Je pense que la crise que nous vivons aujourd’hui nous oblige à remettre en question ces concepts de maximisation du profit, de concurrence et de domination de marché. Ils me paraissent être des concepts récents propices à faire notre propre malheur. Tout tourne autour de l’argent. Il (nous) en faut toujours plus. Cet argent nous rend esclave d’un système et de ceux qui l’ont mis en place et qui n’y sont pas soumis. S’il leur faut de l’argent, ils n’ont qu’à faire tourner la planche à billets.
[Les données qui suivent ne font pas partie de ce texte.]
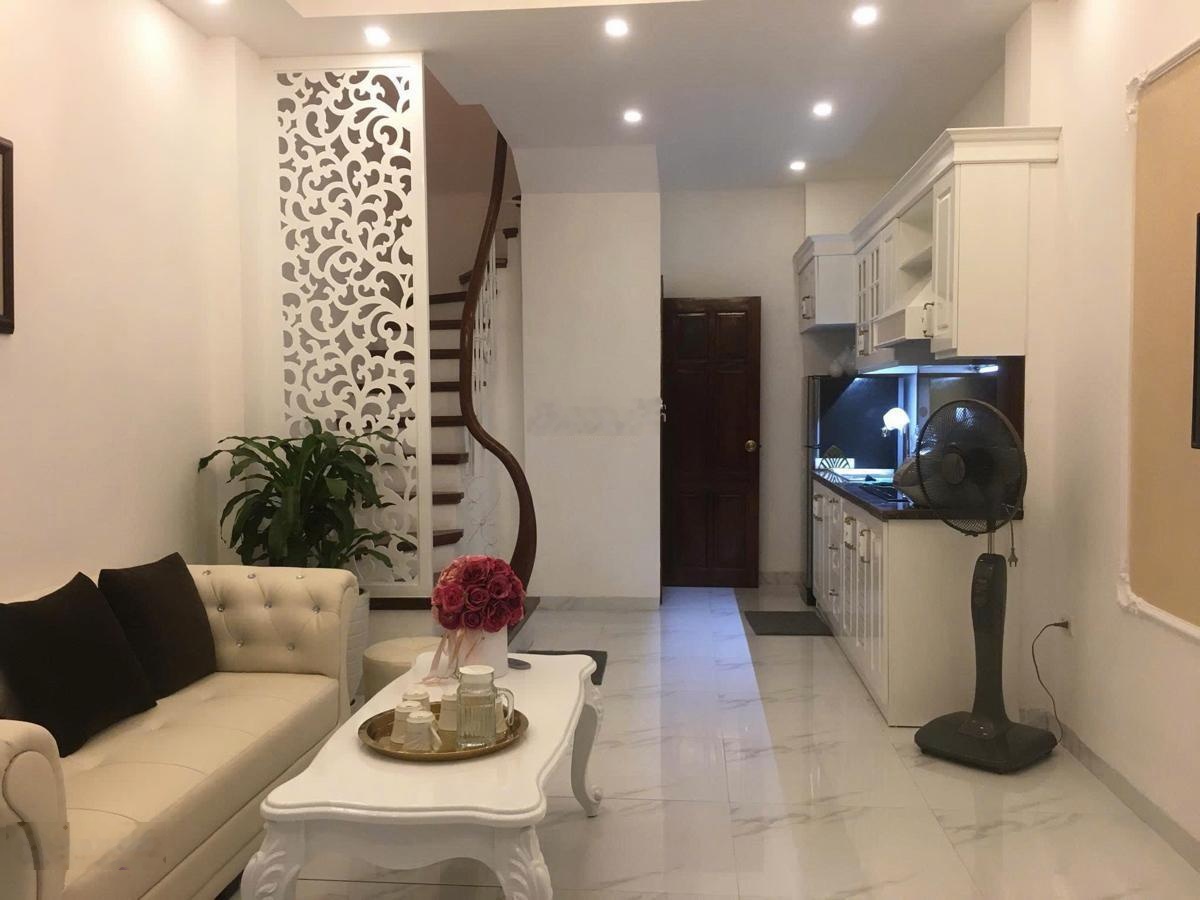 Nhanh thì còn! Văn Cao, phố vip ít nhà bán, ngõ nông, 30m ra ô tô, full nội thất, 35M*5T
Nous sommes les seuls esclaves de ce système, car nous voulons toujours plus de cet argent dont le niveau est soigneusement contrôlé au quotidien. Si, collectivement, nous voulons nous soustraire à ce système, peut-être nous faudra-t-il trouver d’autres solutions. Certes, le système est plutôt bien verrouillé. Pourtant, certains sont parvenus à créer des monnaies locales, telles la gonette, la livre de Bristol, l’abeille ou l’eusko pour n’en citer que quelques-unes. D’autres ont imaginé des systèmes d’échanges… L’argent n’a que la valeur que nous voulons bien lui prêter. Aujourd’hui, il nous semble que notre survie en dépende. Si c’est vrai, que doivent dire ceux qui ont tout perdu avec cette crise ? Je pense aux restaurateurs, mais aussi à tous ceux, moins visibles, qui ont perdu leurs sources de revenu avec les conditions sanitaires imposées par nos gouvernants, et qui sombrent sous le regard inquiet et apeuré de leurs enfants.
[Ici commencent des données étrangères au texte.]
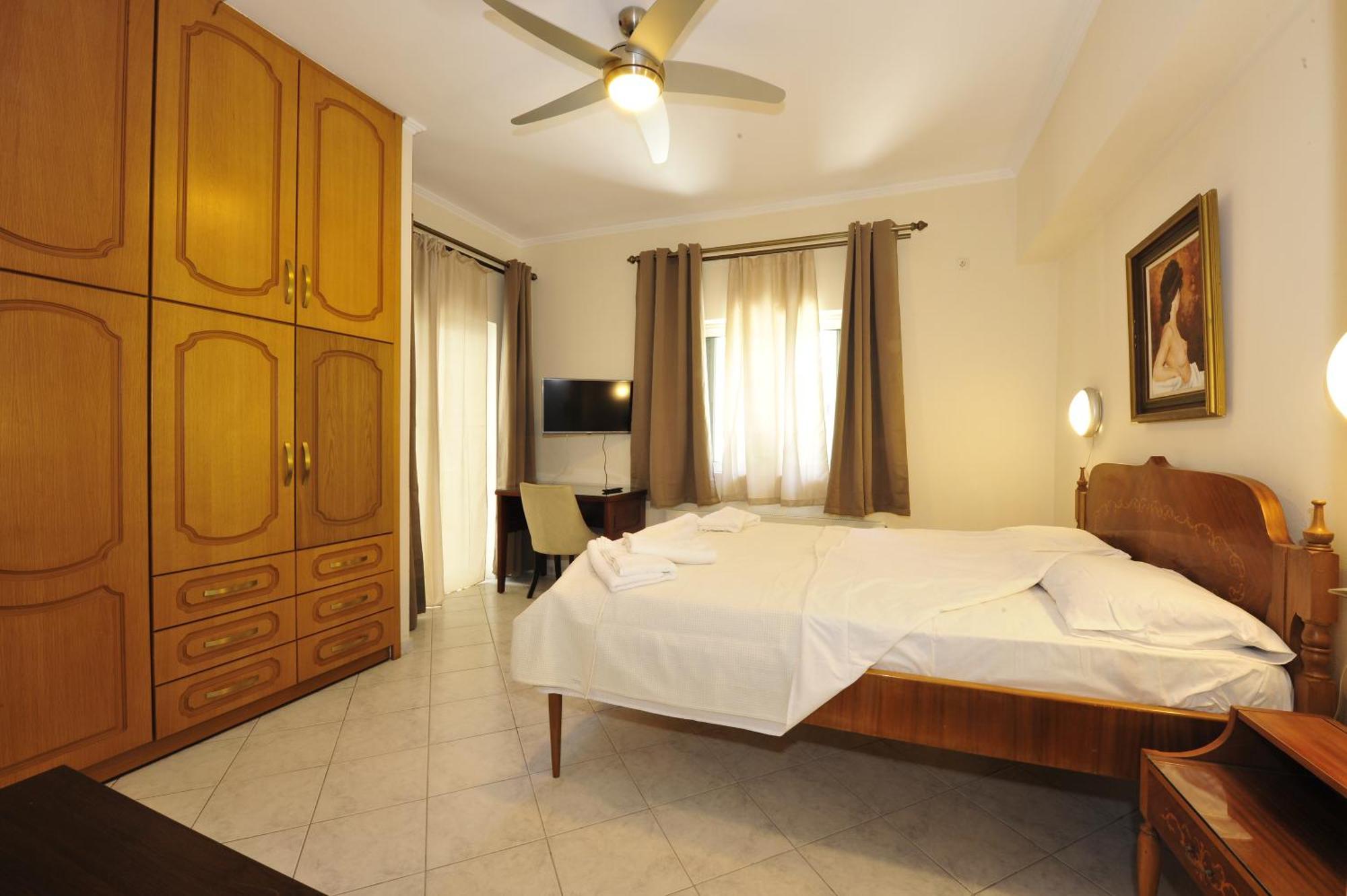 Peloponeese Corinthos Seaside Villa For Short Rent Eksteriør billede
Soyons clairs. Je pense que c’est notre tendance actuelle à la soumission, notre goût pour la conformité et notre propension à la pensée magique qui nous font tomber dans le piège du « chacun pour soi ». C’est l’espoir de mieux nous en sortir que les autres, d’être plus riches, d’avoir plus de biens ou de privilèges, d’avoir de meilleures positions qui nous poussent à cette compétition. Pour nous conforter dans cette vision, nous avons (ré)écrit l’histoire à l’aune de ces croyances. Or, rien, il me semble, ne vient conforter de telles thèses. Par une forme de mimétisme, nous attribuons à nos ancêtres les mêmes penchants que les nôtres. Pourtant, lorsque, par exemple, je lis les Livres sacrés des différentes religions abrahamiques, je ne trouve rien de tel. Ne nous sommes-nous pas fourvoyés ? Cette crise n’est-elle pas là pour nous aider à mettre le doigt nos erreurs et nous inviter à prendre une autre direction ?
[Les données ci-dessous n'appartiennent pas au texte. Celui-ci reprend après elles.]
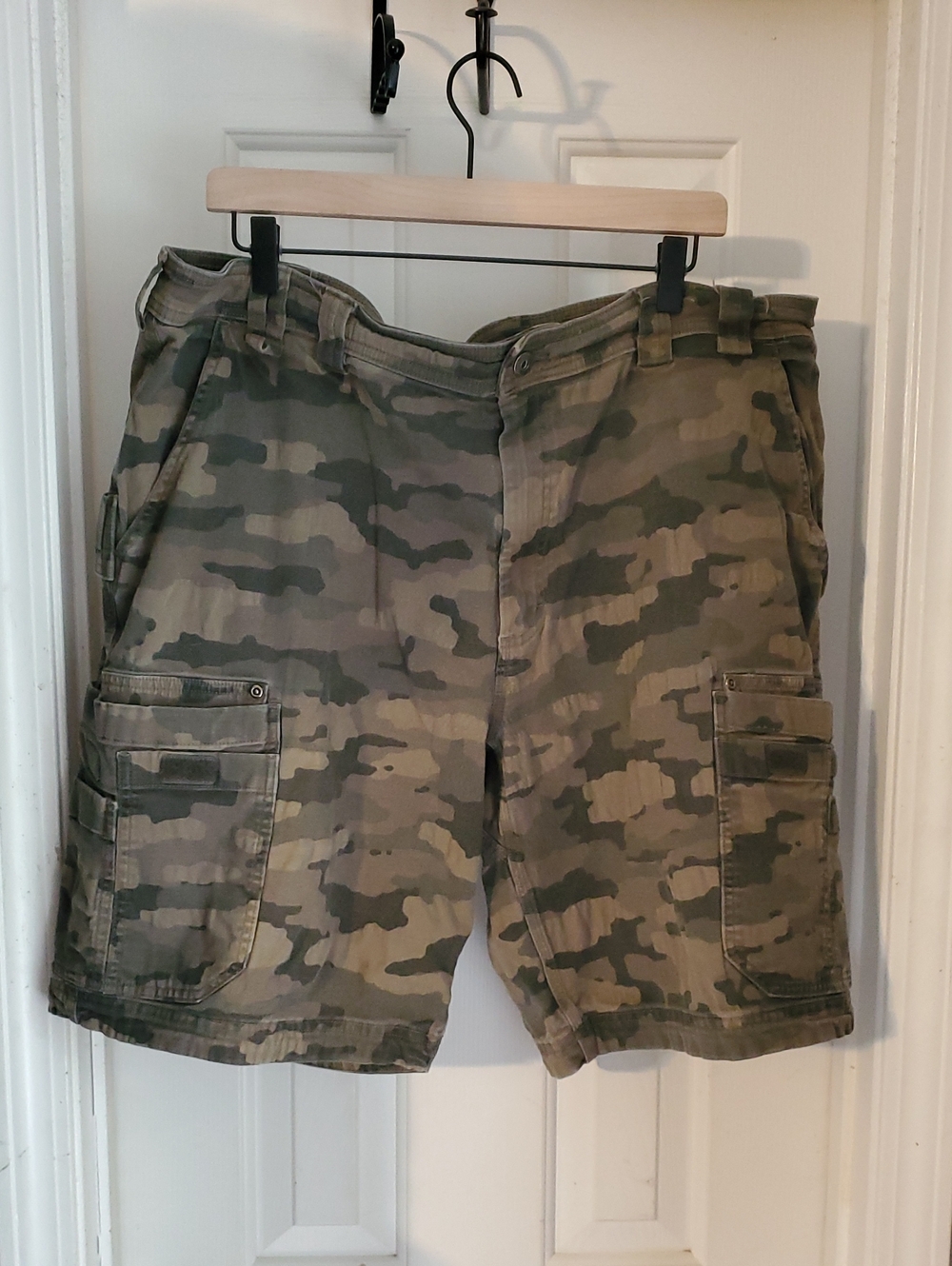 Duluth Trading Co Flex Fire Hose Camo Cargo Shorts in Olive & Dark Green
Je pense que nous devons réfléchir la vie — notre vie — et nos sociétés différemment. Mais pour cela, il nous faudrait redécouvrir nos traditions, nos modèles de société ancestraux et, surtout, acquérir d’autres réflexes et référents de façon à commencer à penser autrement et agir en mettant la priorité sur la communauté — la Umma, comme l’appellent les musulmans — et non fondamentalement sur notre petite personne et nos proches immédiats.